If you want an insight into how executives can breed mistrust with the media and beyond, look no further than this interview with Jeff Fairburn, chief executive of Persimmon, a large construction firm.
Fairburn has met strong media criticism for his £75 million bonus with Alex Brummer of the Daily Mail writing it, “has brought shame on the whole housebuilding sector”.
So his decision to refuse to answer the question was always going to irritate. More than that, it makes Fairburn look weak and unprepared. His suggestion to the reporter that it was ‘unfortunate’ to bring the matter up suggests he has little understanding of how journalists and journalism works, and that he’s been poorly advised.

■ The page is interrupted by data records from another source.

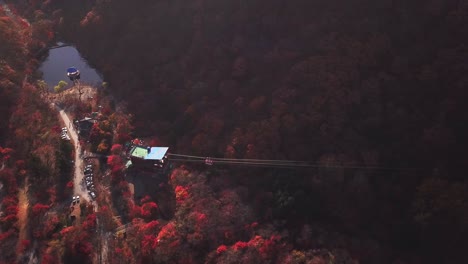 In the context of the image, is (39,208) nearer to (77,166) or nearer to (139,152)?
(77,166)

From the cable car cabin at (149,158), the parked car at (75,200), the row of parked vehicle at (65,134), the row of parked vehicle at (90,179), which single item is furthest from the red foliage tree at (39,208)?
the row of parked vehicle at (65,134)

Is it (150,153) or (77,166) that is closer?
(150,153)

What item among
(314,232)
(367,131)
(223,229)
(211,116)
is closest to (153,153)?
(211,116)

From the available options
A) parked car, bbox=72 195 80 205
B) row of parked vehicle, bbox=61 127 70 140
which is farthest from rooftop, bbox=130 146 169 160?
row of parked vehicle, bbox=61 127 70 140

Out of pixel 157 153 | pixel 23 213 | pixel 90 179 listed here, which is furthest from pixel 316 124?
pixel 23 213

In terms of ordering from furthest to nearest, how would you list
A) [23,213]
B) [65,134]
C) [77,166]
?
[65,134]
[77,166]
[23,213]

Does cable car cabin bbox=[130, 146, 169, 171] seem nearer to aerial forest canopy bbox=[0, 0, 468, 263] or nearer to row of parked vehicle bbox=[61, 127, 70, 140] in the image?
aerial forest canopy bbox=[0, 0, 468, 263] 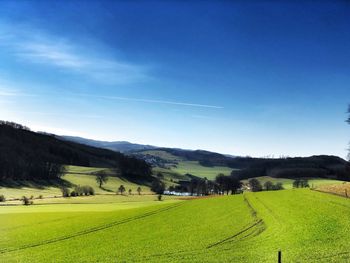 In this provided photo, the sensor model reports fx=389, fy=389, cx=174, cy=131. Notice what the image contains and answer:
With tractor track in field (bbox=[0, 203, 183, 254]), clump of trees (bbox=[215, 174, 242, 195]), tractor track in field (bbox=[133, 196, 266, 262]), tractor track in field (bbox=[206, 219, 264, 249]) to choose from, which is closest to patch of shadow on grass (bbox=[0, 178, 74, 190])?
clump of trees (bbox=[215, 174, 242, 195])

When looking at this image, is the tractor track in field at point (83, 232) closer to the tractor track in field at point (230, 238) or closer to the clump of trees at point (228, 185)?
the tractor track in field at point (230, 238)

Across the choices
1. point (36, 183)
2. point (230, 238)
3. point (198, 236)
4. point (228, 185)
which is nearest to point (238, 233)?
point (230, 238)

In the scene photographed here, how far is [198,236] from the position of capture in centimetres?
4062

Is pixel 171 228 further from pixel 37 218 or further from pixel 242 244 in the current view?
pixel 37 218

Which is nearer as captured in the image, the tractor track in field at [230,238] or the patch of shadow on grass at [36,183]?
the tractor track in field at [230,238]

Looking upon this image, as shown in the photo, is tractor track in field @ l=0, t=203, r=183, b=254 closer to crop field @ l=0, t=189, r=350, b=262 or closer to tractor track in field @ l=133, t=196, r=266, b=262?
crop field @ l=0, t=189, r=350, b=262

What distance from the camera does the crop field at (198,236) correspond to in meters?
31.1

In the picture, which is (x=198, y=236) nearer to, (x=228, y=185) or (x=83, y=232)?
(x=83, y=232)

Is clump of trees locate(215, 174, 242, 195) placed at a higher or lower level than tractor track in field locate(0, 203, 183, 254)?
higher

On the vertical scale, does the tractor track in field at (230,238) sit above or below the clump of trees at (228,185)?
below

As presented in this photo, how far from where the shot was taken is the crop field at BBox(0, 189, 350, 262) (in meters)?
31.1

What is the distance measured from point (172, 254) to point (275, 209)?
74.9ft

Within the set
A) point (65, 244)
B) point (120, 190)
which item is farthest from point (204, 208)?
point (120, 190)

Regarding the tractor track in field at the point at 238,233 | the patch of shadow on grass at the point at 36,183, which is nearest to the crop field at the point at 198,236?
the tractor track in field at the point at 238,233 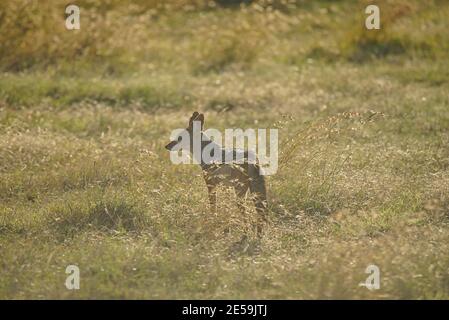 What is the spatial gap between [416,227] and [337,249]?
2.97ft

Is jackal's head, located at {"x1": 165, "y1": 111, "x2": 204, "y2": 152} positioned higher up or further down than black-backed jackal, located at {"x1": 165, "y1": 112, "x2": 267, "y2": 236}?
higher up

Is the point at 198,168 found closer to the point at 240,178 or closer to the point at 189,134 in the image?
the point at 189,134

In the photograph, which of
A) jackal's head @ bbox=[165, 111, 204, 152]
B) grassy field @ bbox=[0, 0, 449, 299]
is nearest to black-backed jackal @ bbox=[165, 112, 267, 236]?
grassy field @ bbox=[0, 0, 449, 299]

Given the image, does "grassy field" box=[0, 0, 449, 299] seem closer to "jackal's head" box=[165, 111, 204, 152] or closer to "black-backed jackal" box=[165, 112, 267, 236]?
"black-backed jackal" box=[165, 112, 267, 236]

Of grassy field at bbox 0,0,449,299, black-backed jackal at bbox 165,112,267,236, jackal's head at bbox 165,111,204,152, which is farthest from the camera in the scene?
jackal's head at bbox 165,111,204,152

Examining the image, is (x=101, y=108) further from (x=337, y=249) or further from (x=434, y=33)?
(x=434, y=33)

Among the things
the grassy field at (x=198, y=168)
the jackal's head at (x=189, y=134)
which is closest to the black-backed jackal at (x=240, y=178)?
the grassy field at (x=198, y=168)

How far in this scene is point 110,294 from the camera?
4977mm

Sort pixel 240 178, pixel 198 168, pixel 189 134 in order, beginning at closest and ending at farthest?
pixel 240 178, pixel 189 134, pixel 198 168

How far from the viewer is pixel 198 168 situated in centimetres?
732

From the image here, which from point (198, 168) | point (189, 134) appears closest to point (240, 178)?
point (189, 134)

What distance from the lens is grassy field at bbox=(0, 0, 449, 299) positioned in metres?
5.25

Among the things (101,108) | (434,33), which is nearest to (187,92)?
(101,108) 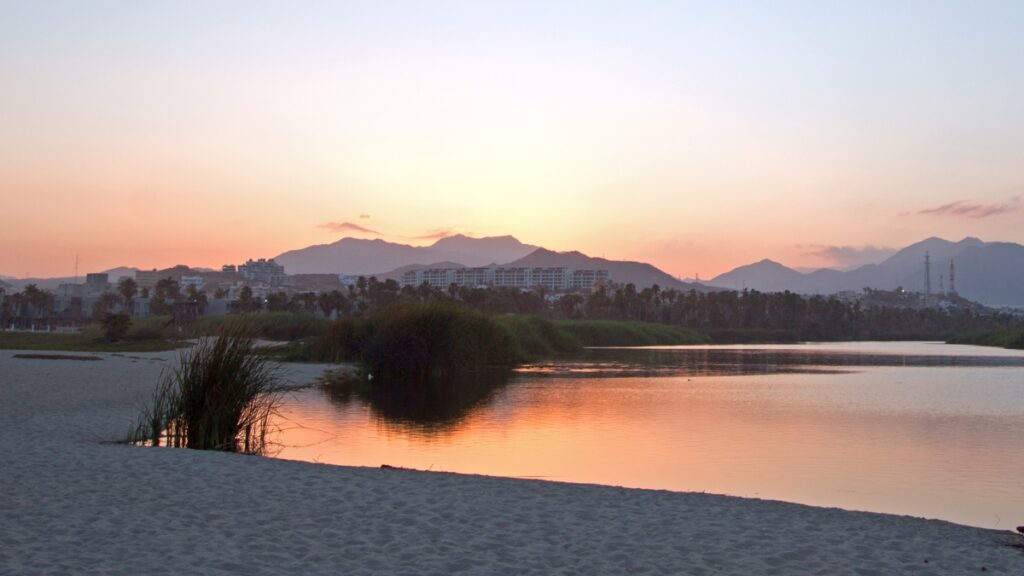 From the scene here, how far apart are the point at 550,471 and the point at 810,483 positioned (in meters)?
3.53

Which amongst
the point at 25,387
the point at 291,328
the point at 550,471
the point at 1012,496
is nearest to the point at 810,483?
the point at 1012,496

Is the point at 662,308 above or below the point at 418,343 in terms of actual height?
above

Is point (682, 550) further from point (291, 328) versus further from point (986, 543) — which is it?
point (291, 328)

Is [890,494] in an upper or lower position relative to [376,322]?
lower

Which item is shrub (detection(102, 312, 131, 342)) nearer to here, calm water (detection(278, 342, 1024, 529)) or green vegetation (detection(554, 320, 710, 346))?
calm water (detection(278, 342, 1024, 529))

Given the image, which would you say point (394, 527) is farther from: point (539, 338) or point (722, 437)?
point (539, 338)

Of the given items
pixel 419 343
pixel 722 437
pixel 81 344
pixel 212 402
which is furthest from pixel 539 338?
pixel 212 402

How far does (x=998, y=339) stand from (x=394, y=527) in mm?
78830

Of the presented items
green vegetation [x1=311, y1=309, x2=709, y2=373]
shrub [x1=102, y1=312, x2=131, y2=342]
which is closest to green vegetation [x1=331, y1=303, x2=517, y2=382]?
green vegetation [x1=311, y1=309, x2=709, y2=373]

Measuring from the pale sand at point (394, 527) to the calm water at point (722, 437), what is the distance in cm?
259

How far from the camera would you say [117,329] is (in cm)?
4197

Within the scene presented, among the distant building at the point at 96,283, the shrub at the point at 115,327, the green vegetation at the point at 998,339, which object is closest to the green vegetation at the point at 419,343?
the shrub at the point at 115,327

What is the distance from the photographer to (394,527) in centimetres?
770

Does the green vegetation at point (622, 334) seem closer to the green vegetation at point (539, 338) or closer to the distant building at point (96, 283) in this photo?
the green vegetation at point (539, 338) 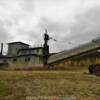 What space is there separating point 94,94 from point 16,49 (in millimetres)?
54433

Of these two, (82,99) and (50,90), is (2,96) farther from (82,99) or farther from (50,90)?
(82,99)

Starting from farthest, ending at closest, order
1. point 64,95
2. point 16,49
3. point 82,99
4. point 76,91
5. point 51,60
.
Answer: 1. point 16,49
2. point 51,60
3. point 76,91
4. point 64,95
5. point 82,99

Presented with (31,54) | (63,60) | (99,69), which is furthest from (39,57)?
(99,69)

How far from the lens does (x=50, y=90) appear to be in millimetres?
10375

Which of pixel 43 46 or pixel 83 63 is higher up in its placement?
pixel 43 46

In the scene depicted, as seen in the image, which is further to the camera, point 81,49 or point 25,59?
point 25,59

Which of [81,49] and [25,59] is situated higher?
[25,59]

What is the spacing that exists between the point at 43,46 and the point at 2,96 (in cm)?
4306

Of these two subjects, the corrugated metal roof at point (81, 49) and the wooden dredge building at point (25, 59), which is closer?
the corrugated metal roof at point (81, 49)

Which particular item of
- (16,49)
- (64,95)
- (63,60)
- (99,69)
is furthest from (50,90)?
(16,49)

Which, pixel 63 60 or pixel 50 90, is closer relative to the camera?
pixel 50 90

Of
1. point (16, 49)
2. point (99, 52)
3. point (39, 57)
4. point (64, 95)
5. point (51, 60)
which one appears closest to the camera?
point (64, 95)

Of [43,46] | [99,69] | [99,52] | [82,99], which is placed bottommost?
[82,99]

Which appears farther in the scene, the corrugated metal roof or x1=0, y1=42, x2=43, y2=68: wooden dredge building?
x1=0, y1=42, x2=43, y2=68: wooden dredge building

It was an obvious question. Five minutes of diligent preparation could have put him in a position to offer a credible response.
Some regard questions about pay and bonuses as intrusive. As ex-journalists, we take the view that if you are a FTSE-100 chief executive, and your pay stands out from the crowd, it’s fair for reporters to ask questions – and these questions were put very mildly to him.
Senior executive pay is a matter for debate among shareholders and beyond, including staff and the public. In an age of social media, car crash interviews can be quickly and widely shared. This interview attracted more than 1.1 million views. By choosing to be evasive and dismissive, Fairburn has further damaged his and his company’s reputation. Just look what comes up when you google Persimmon.